======== Available data
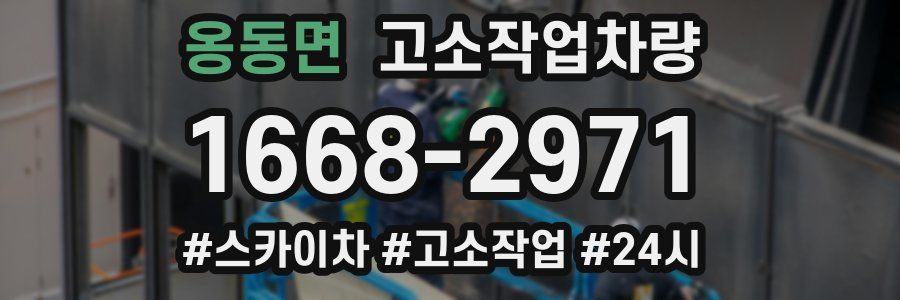 옹동면 고소작업차량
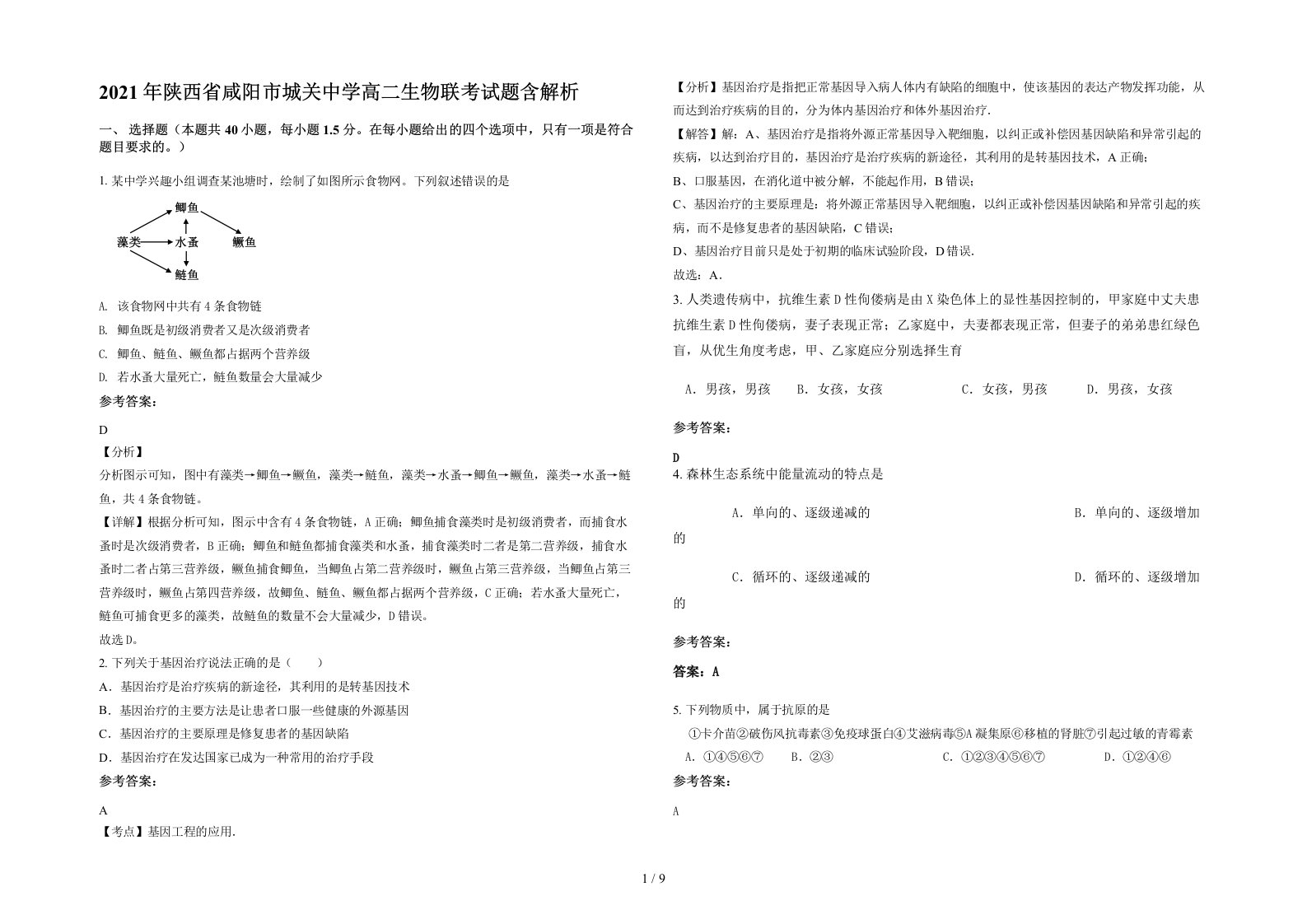 2021年陕西省咸阳市城关中学高二生物联考试题含解析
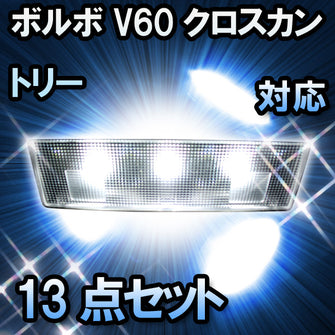 LEDルームランプ ボルボ V60クロスカントリー対応 13点セット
================
### [What you have to do]
Reproduce the listing above exactly, but skip the pictures.

### [Exercise solution]
 옹동면 고소작업차량
 2021年陕西省咸阳市城关中学高二生物联考试题含解析
 LEDルームランプ ボルボ V60クロスカントリー対応 13点セット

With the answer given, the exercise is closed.